Ein authentischer Roman, der Realität und Fiktion spannend und dramatisch mixt. Die Geschichte geht einem nahe und man ist sehr bei der Hauptfigur. Die Australierin Hannah Kent hat mit der Geschichte der historischen Figur der Agnes einen Bestseller gelandet. Die Rechte am Buch sind mittlerweile in zwanzig Länder verkauft.

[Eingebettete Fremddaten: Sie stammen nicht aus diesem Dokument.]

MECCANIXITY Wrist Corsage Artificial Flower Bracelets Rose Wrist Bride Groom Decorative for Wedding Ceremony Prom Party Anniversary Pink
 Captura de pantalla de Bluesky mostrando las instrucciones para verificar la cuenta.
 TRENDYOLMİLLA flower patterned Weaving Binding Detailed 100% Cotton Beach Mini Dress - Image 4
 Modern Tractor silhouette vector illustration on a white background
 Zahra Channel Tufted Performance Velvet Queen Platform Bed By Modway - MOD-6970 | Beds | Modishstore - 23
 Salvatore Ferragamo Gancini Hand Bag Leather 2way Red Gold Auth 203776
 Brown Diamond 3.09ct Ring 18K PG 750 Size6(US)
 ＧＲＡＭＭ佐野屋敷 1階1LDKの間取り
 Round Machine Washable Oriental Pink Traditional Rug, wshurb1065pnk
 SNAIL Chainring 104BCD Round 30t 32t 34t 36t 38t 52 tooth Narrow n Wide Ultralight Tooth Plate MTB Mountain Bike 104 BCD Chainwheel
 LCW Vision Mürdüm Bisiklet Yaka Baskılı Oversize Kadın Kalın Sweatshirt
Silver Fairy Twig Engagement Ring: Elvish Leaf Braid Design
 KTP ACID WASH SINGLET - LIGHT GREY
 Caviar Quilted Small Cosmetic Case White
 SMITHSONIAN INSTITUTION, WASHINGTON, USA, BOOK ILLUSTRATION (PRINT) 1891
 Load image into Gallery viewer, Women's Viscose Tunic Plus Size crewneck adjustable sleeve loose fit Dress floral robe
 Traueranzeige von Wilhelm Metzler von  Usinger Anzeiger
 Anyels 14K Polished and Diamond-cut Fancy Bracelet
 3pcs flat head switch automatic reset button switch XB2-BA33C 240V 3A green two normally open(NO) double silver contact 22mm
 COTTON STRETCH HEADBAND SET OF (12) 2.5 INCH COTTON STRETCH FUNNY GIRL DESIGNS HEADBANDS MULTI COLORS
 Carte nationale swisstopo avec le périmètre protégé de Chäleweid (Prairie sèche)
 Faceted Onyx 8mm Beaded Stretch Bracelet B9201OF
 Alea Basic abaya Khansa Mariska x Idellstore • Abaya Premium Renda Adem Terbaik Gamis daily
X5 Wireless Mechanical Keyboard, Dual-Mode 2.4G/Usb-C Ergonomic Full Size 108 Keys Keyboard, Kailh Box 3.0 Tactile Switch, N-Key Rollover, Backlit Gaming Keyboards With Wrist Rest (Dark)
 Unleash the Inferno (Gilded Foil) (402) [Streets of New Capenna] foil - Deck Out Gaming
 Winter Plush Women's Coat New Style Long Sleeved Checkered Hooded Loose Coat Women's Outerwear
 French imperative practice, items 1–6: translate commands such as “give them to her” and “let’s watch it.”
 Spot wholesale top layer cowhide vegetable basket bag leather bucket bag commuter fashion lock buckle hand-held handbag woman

Droemer, 383 Seiten; 19,99 Euro
Hörbuch der Woche
Silvia Day
Crossfire – Hingabe
Eva und Gideon haben sich das Ja-Wort gegeben. Sie waren überzeugt, dass nichts sie mehr trennen kann. Doch seit der Hochzeit sind ihre Unsicherheiten und Ängste größer denn je. Eva spürt, dass Gideon ihr entgleitet und dass ihre Liebe in einer Weise auf die Probe gestellt wird, wie sie es niemals für möglich gehalten hätte. Plötzlich stehen die Liebenden vor ihrer schwersten Entscheidung: Wollen sie die Sicherheit ihres früheren Lebens wirklich gegen eine Zukunft eintauschen, die ihnen immer mehr wie ein ferner Traum erscheint?
Sex und Liebe, Liebe und Sex, und noch viel Geziehe zwischen den Geschlechtern. Nach den drei megaerfolgreichen Bänden der “Crossfire”-Reihe folgt nun der vierte “Hingabe”. Eva und Gideon entwickeln sich in ihrer Beziehung weiter und auch wieder nicht. Es ist ein ewiges hin und her, gewürzt mit ein paar sexuellen Akten. “Crossfire” ist nach “Shades of Grey” die Marke der neuen erotischen Literatur. Gewesen. Denn mit diesem vierten Band hat sich die Autorin keinen großen Gefallen getan. Die ungekürzte Lesung wird von Svantje Wascher und Michael Hansonis dem Titel getreu vorgetragen. Sie fangen mit ihren Stimmen gut die Stimmungen des Romans ein. Aber auch sie können am Ende nicht überzeugen.
Auch als Taschenbuch erhältlich bei Heyne, 9,99 Euro.